> [Collected material]
────

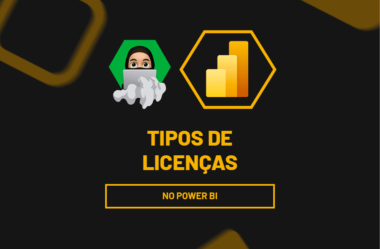 Tipos de Licenças do Power BI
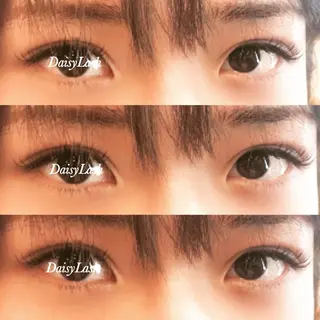 マツエク・マツパ eyenico 渡邊のマツエク・マツパデザイン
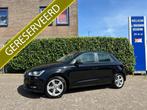 Audi A1 Sportback 1.4 TFSI Climate C, Pdc, Navigatie, Stoelv, Auto's, Voorwielaandrijving, Zwart, Met garantie (alle), 4 stoelen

────

> [Aim of the task] Could the listing above be transcribed exactly, with the pictures left out?

> [Expected answer]
 Tipos de Licenças do Power BI
 マツエク・マツパ eyenico 渡邊のマツエク・マツパデザイン
 Audi A1 Sportback 1.4 TFSI Climate C, Pdc, Navigatie, Stoelv, Auto's, Voorwielaandrijving, Zwart, Met garantie (alle), 4 stoelen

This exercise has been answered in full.